Thus, Leibniz's (and U.S. Treasury Secretary Alexander Hamilton's[38]) notion of the productive powers of labor is expressed in an interdependency of two measurable terms: a) ratio of free energy to energy of the system, and, b) energy of the system per capita, per household, and per square kilometer for the society considered functionally as an indivisible whole. The productive powers of labor of the individual within that society, are a function of the impact of the activity of that individual, upon the productive characteristics of the society as a functional unity.

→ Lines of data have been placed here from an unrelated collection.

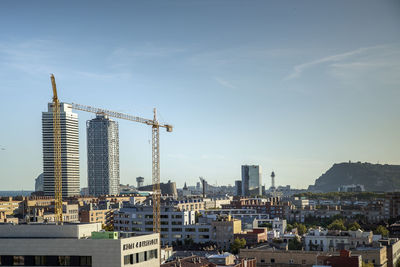 Modern buildings in city against sky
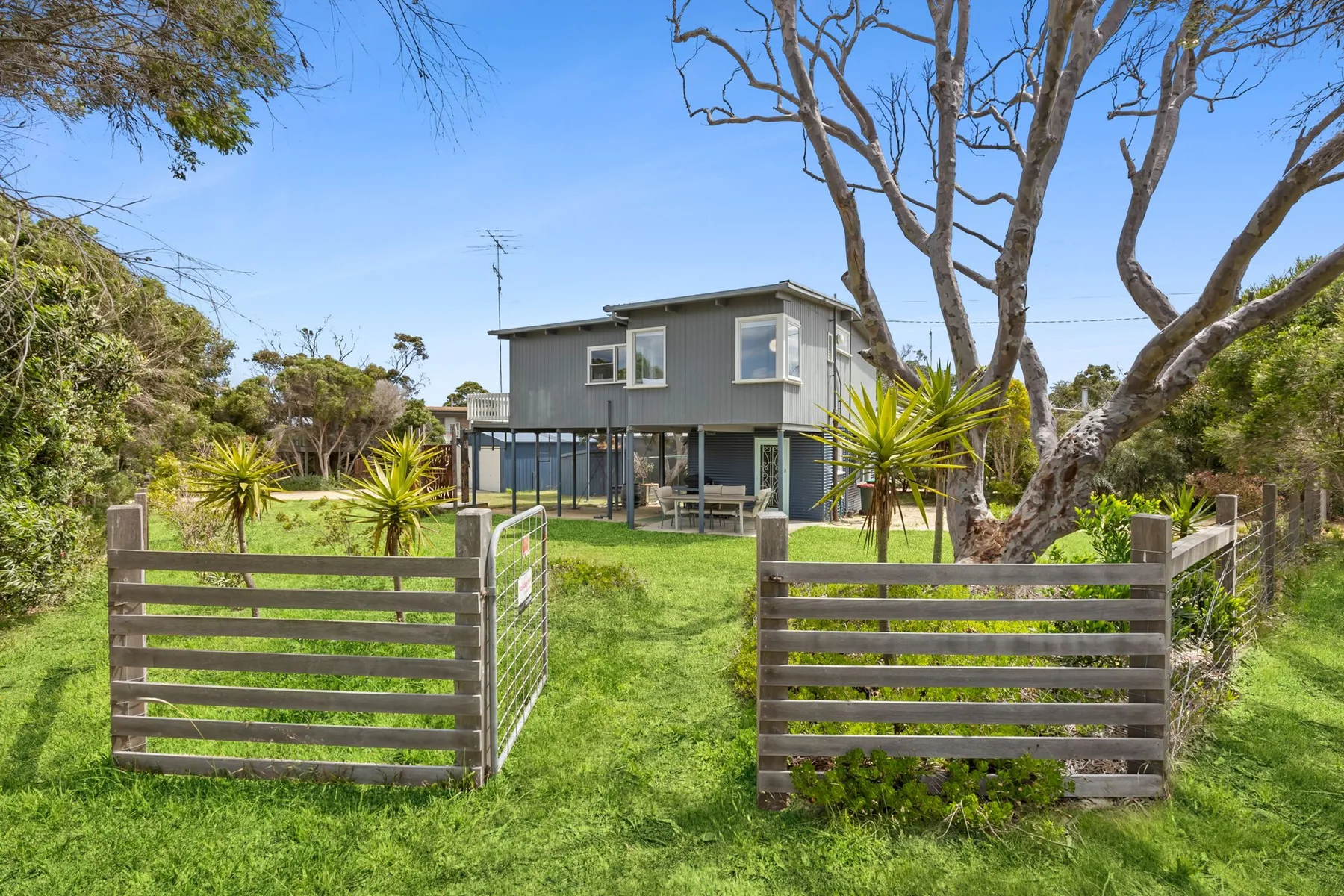 A two-story house stands beyond a grassy yard with a wooden gate.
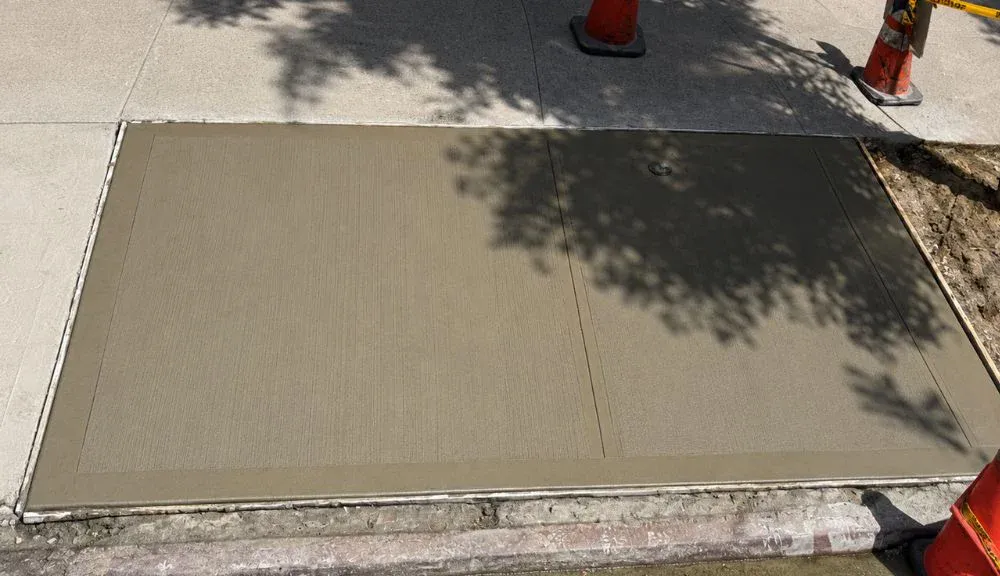 New concrete sidewalk flags poured in the East Village, Manhattan, concrete work by Sidewalk Repair Near Me in NYC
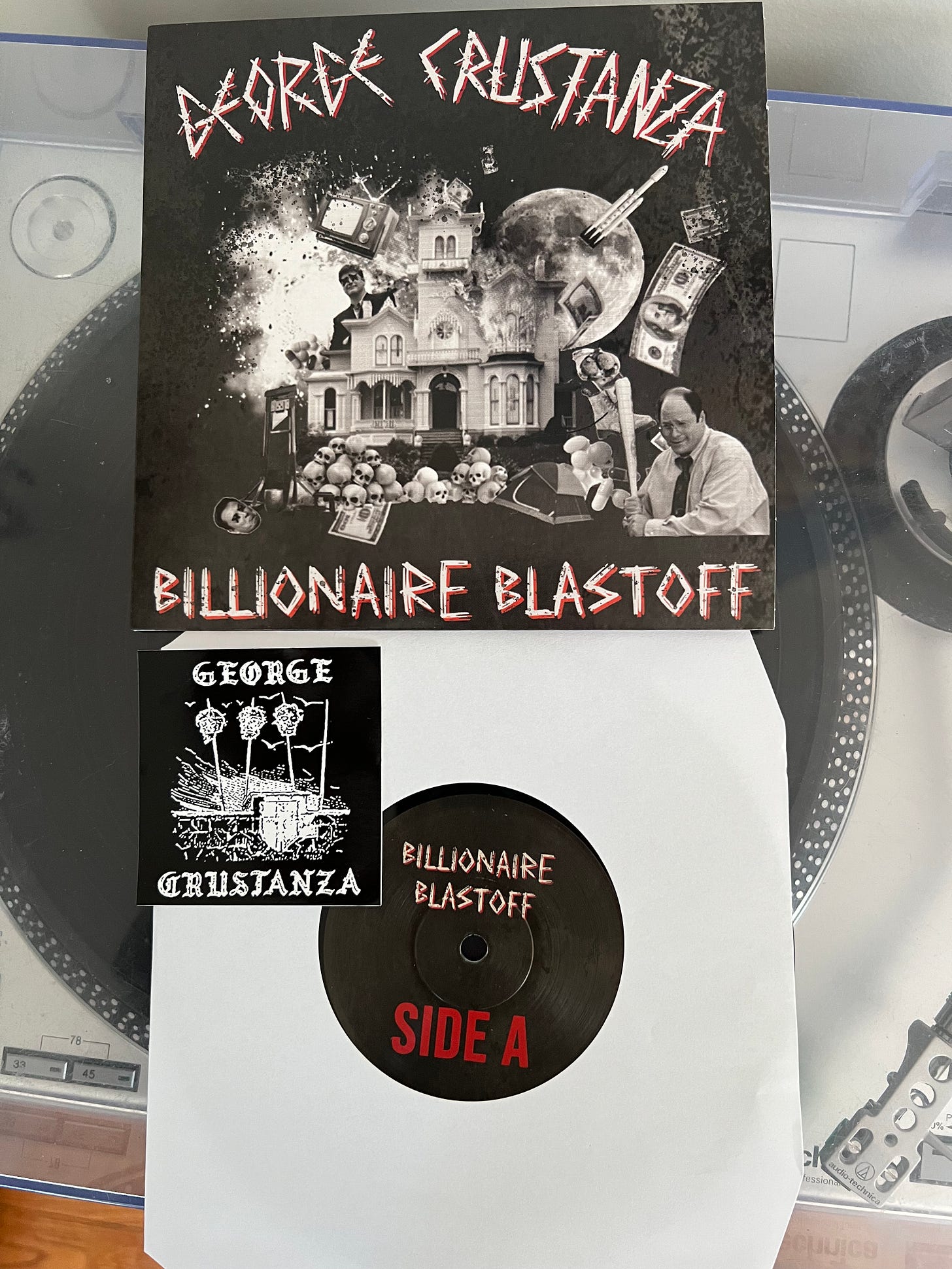 a record by George Crustanza, called Billionaire blastoff, and a sticker featuring heads on pikes.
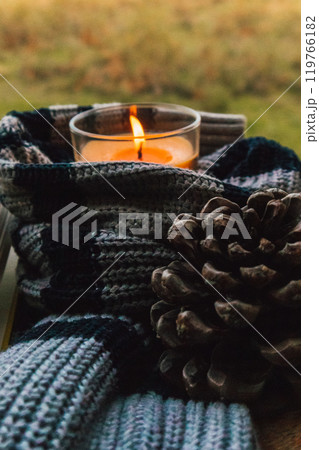 Orange scented wax candle in glass tumbler wrapped in a knitted scarf or sweater with a green natural background. Pine cone. Cozyness of slow living. Orange scented wax candle in glass tumbler wrapped in a knitted scarf or sweater with a green natural background. Pine cone. Cozyness of slow living. 119766182
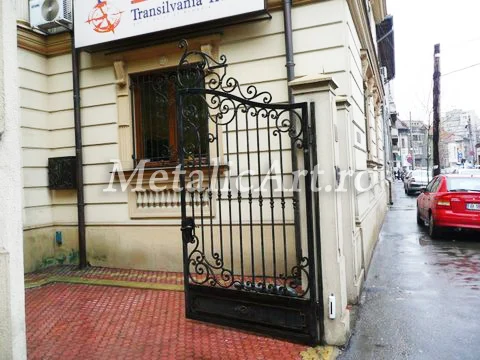 Poartă auto cu volute, la intrarea unei clădiri de birouri.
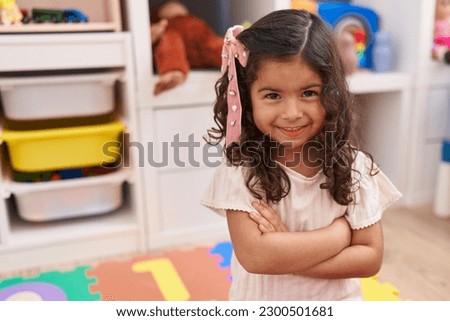 Adorable hispanic girl smiling confident sitting on floor with arms crossed gesture at kindergarten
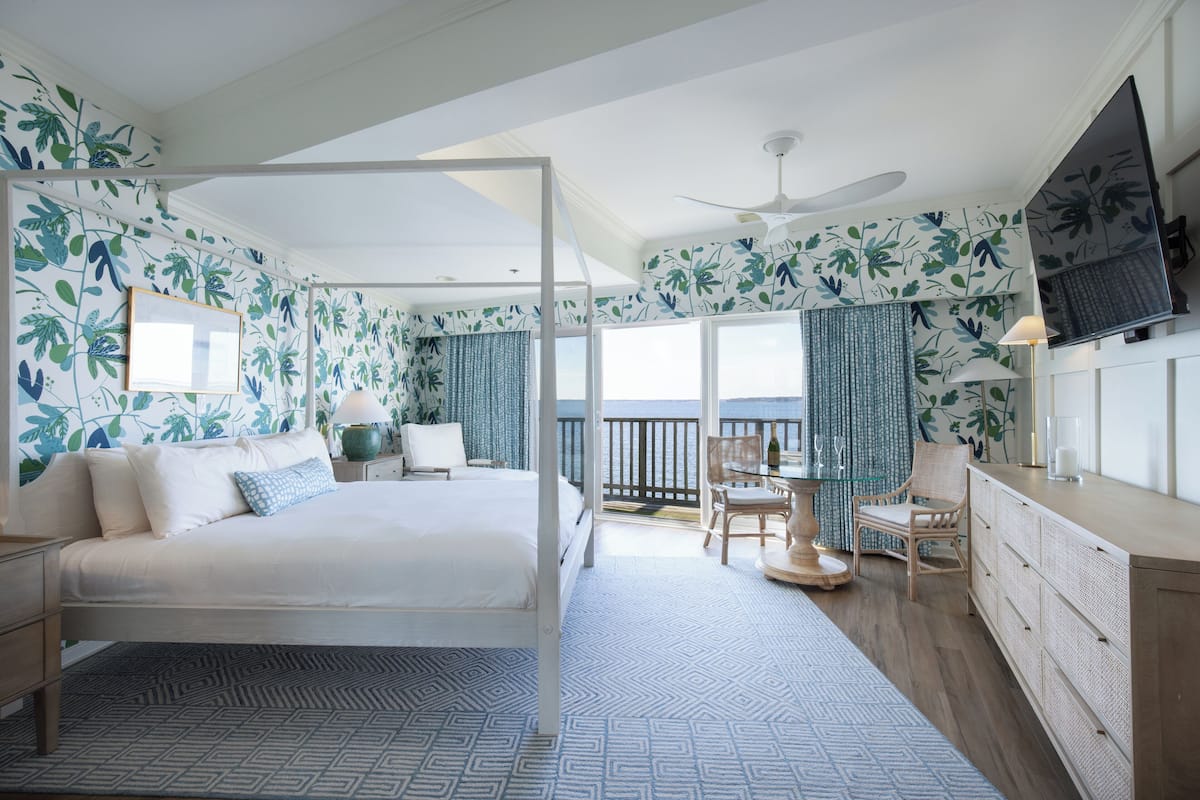 A bedroom with a bed, a desk, and a chair, a balcony with a view, and a television on the wall.
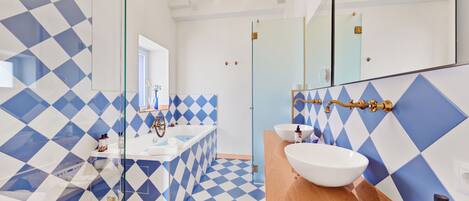 A modern bathroom with a geometric tile pattern, a large mirror, and a wooden vanity.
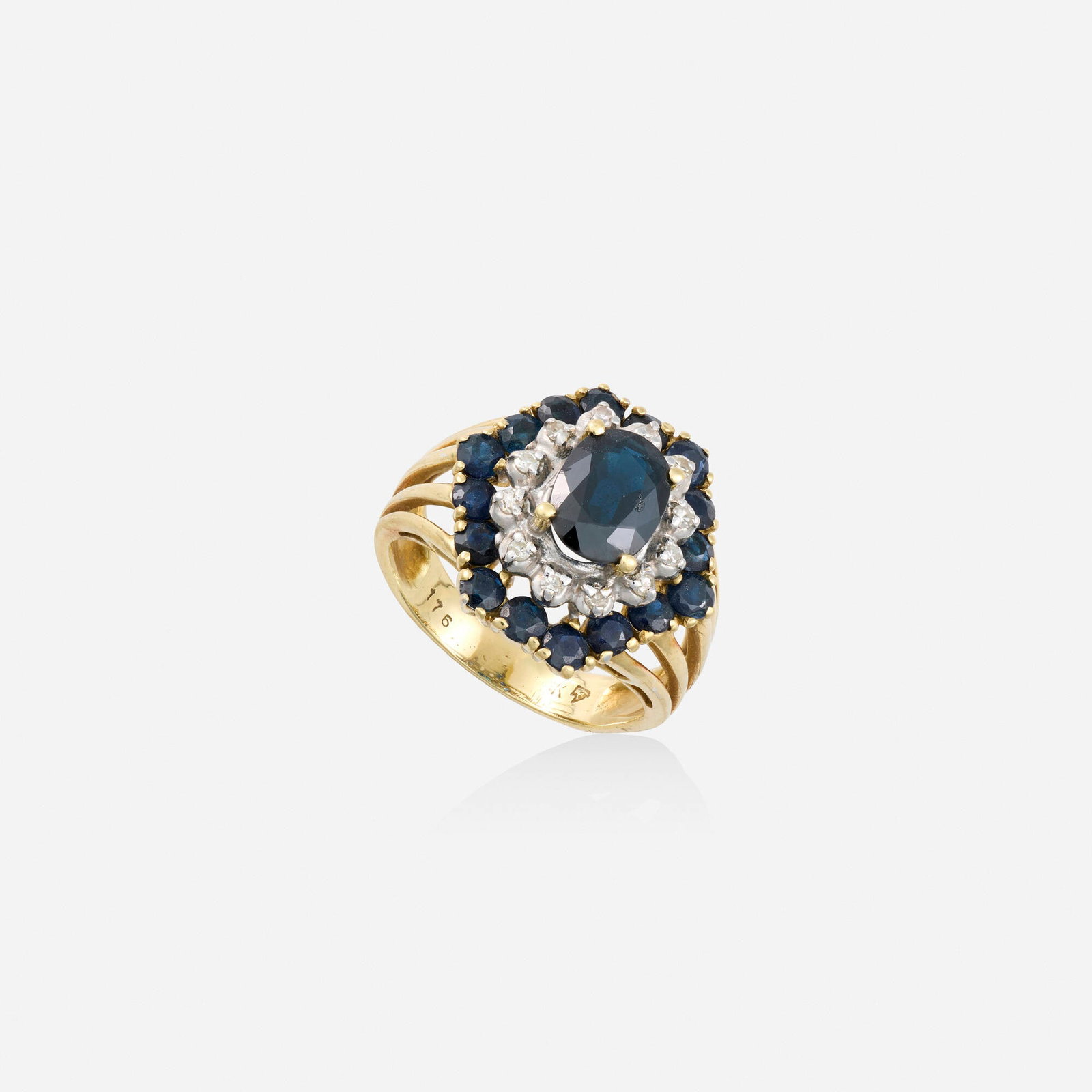 Sapphire, diamond, and gold ring: Sapphire, diamond, and gold ring Set with an oval-cut sapphire framed by single-cut diamonds and circular-cut sapphires 14k yellow and white gold Ring size 4.75-5; Gross weight 3.2 dwts This work will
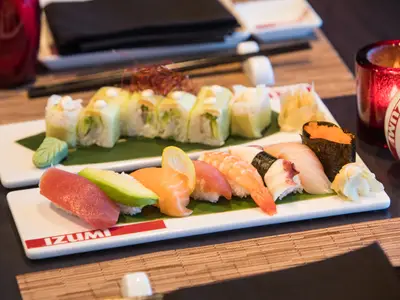 Eine weiße Platte mit frischem Sushi und Nigiri, darunter Thunfisch, Lachs, Garnelen, Oktopus, Uramaki und Gunkan Maki. Dazu Wasabi, Ingwer und Zitrone, auf einem Holztisch mit roter Dekoration.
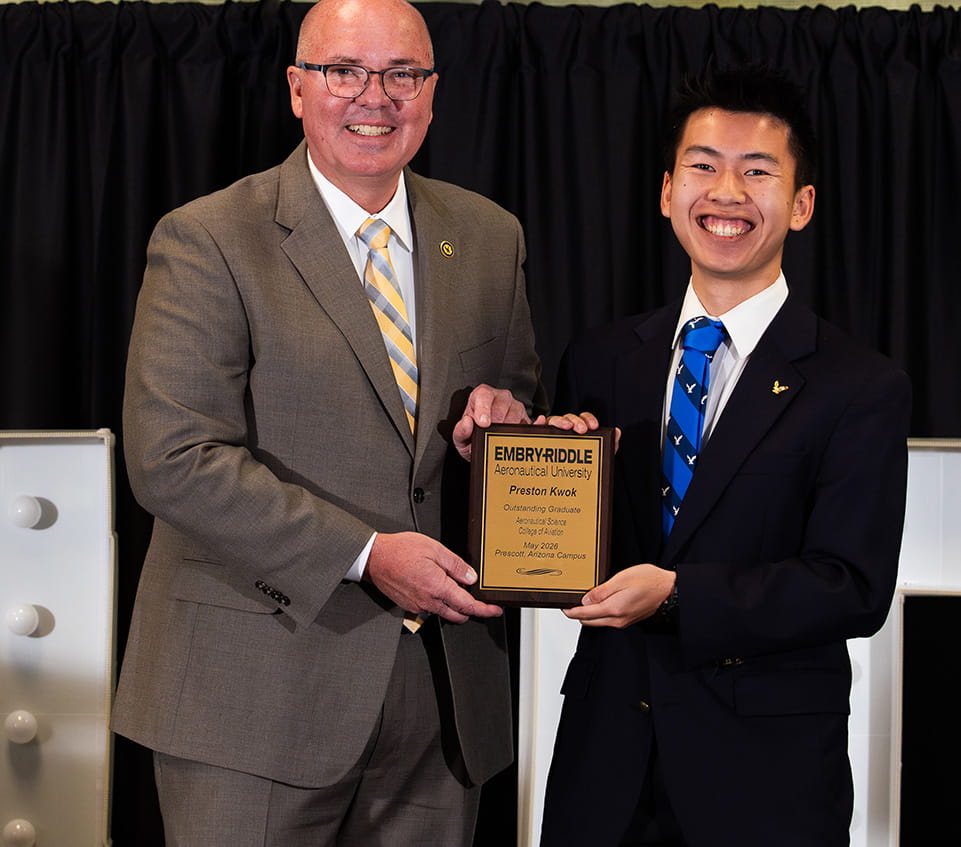 Two men in suits holding award plaque reading Embry-Riddle Aeronautical University, Preston Kwok, Outstanding Graduate, Aeronautical Science, College of Aviation, May 2026, Prescott, Arizona Campus, smiling in front of stage backdrop.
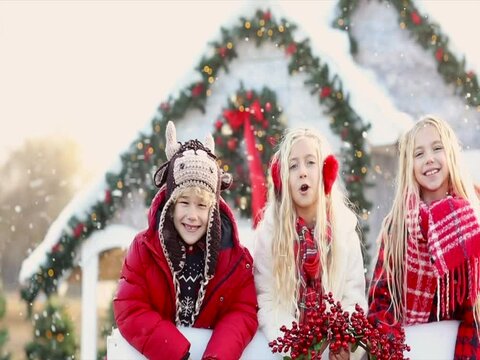 Pretty blond sisters in winter red and white coats and cheerful toothless boy in knitted hat like a bull climbing the white fence and waving by their hands against Christmas white house with snowing.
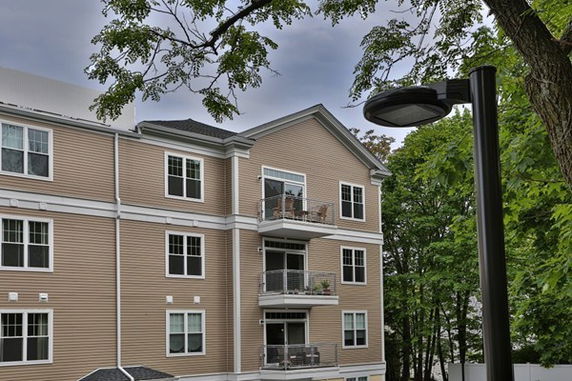 Front view of a multi-story apartment building with balconies.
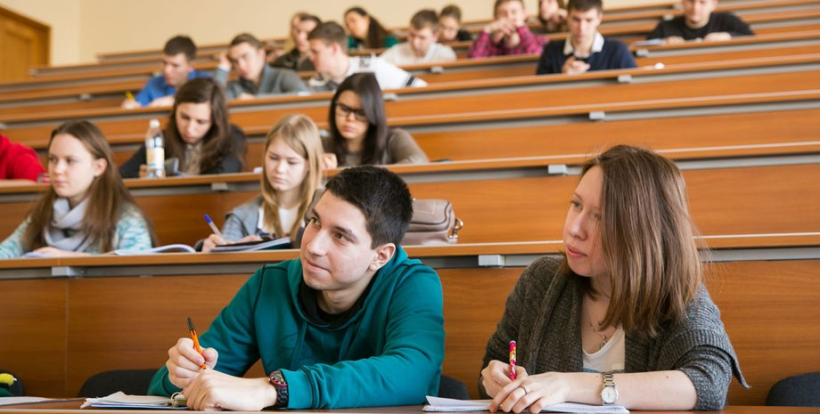 В аудиторії за партами сидять студенти: хлопці та дівчата щось записують та слухають викладача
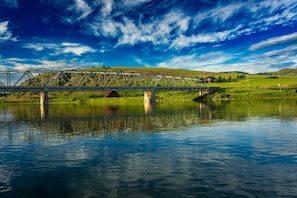 Un pont metàl·lic sobre un riu tranquil amb un cel serè.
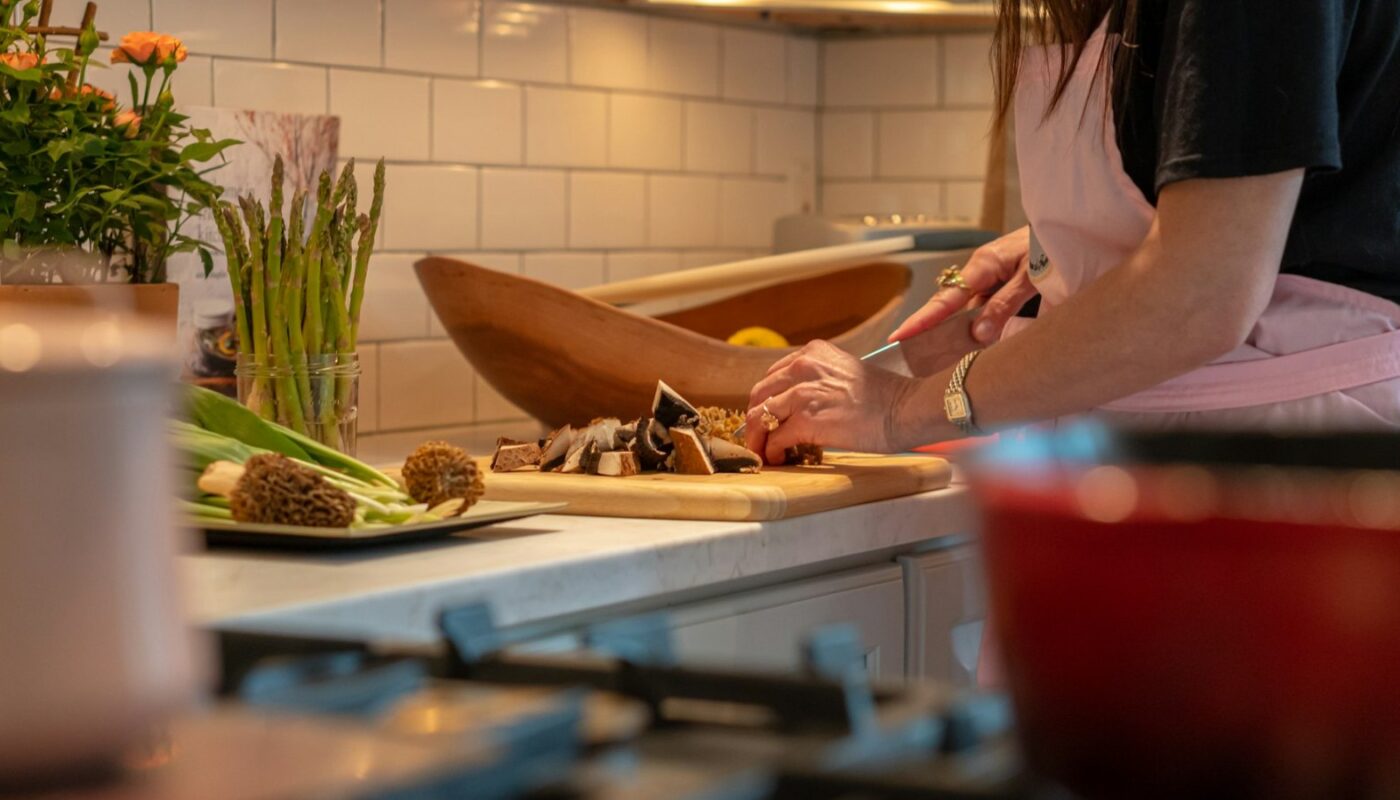 Woman chopping fresh vegetables on a board in a kitchen (photo: Douglas Fehr / Unsplash)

The implied "isotherm" for productive powers of labor (per capita, per household, and per square kilometer), is expressed by the inequalities indicated above: a) the ratio of "free energy" to "energy of the system" must be significantly greater than "zero," and not decline; b) the "energy of the system" (per capita, per household, per square kilometer) must increase.

The notion expressed by that pair of inequalities, is premised, inclusively, upon the physical demonstration, that continued output in a fixed mode, incurs the "entropic" effects of marginalized resources. This suggests that scientific, technological, and related expressions of progress, is mandatory, and that a policy of the type implied by "zero technological progress" is suicidal, is not an available option for any survivable mode of human existence. That is to say, that the potential relative population-density, demographic characteristics, and quality of individual daily life of the society, must degenerate under the influence of such a policy.

This demonstration leads to a corresponding, generalized, functional notion of "technological attrition."

The fact that successful existence of the human species depends upon such a "not-entropic" result, achieved through scientific and related progress in generalized social practice, prompts us to regard that "not-entropic" function we have identified here, as of extraordinary significance. That significance may be expressed in various ways, according to the vantage-point from which we examine it. In general, we should say, that this "not-entropy," is the smiling face which the universe presents to us, when we provoke that universe with the employment of a valid, axiomatic-revolutionary discovery of principle of nature, either as a scientific principle, or as an improved technology derived from such a validated principle.

The method of experimental physics demonstrates to us, that there are valid discoveries of principle, proven to be valid by means of differences of measured effects. The human individual has the power which no other species exhibits, the power to discover and adopt revolutionary principles of change in human practice, through which the power of mankind over nature is increased, in the manner, and according to the general constraints which we have outlined above. The phenomena of technological attrition show us, that mankind's continued existence, in population-densities above those of higher apes, depends upon a continued development and employment of such radical changes in human behavior, notably those changes, throughout discernible evidence of human existence, which we class, retrospectively, or otherwise, as valid, axiomatic-revolutionary discoveries of principle, through which the behavior of a society is improved radically. In such consideration of that physical-economic evidence, we have struck upon the ore from whose refinement we may extract the purer metal of "human nature." This "ore" serves us as the evidence leading to a functional definition of natural law.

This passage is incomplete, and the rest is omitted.